──────── INPUT MATERIAL

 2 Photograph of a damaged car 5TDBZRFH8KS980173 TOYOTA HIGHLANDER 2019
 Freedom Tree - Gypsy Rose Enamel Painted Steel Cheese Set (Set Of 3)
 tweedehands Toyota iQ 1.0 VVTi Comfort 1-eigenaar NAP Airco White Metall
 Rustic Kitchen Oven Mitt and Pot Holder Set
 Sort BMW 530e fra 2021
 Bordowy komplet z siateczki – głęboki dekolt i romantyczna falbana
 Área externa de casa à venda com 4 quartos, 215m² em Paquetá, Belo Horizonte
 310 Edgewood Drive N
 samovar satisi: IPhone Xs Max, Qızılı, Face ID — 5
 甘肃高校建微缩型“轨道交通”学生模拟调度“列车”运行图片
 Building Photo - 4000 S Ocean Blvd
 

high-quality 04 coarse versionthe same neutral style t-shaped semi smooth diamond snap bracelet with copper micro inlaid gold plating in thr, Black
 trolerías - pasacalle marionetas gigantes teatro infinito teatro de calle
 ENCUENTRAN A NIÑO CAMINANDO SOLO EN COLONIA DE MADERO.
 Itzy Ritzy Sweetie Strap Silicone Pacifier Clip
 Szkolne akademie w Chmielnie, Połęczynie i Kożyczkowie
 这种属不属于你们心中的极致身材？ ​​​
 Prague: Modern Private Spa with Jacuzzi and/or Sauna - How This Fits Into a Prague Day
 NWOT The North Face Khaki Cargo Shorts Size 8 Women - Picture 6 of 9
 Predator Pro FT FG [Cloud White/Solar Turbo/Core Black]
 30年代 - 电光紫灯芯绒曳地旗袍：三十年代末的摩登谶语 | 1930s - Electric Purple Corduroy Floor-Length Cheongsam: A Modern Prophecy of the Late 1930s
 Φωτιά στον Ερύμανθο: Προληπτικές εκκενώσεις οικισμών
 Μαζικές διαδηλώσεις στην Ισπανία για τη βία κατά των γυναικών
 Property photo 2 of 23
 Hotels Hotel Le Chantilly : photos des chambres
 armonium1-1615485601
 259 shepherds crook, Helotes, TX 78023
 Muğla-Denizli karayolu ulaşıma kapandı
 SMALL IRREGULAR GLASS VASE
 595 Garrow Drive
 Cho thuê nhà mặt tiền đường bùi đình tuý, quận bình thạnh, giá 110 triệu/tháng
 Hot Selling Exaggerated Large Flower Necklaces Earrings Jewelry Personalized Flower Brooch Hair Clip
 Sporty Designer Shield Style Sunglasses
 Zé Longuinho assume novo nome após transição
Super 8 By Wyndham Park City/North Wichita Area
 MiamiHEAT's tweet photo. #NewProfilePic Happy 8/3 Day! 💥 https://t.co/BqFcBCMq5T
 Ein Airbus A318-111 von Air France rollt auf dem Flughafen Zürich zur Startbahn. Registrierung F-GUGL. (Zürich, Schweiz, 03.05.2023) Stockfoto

────────────────

Look through the entries above and quote exactly the lines from the line with "SMALL IRREGULAR GLASS VASE" to the line with "Super 8 By Wyndham", counting both of those lines.

## YOUR SOLUTION
 SMALL IRREGULAR GLASS VASE
 595 Garrow Drive
 Cho thuê nhà mặt tiền đường bùi đình tuý, quận bình thạnh, giá 110 triệu/tháng
 Hot Selling Exaggerated Large Flower Necklaces Earrings Jewelry Personalized Flower Brooch Hair Clip
 Sporty Designer Shield Style Sunglasses
 Zé Longuinho assume novo nome após transição
Super 8 By Wyndham Park City/North Wichita Area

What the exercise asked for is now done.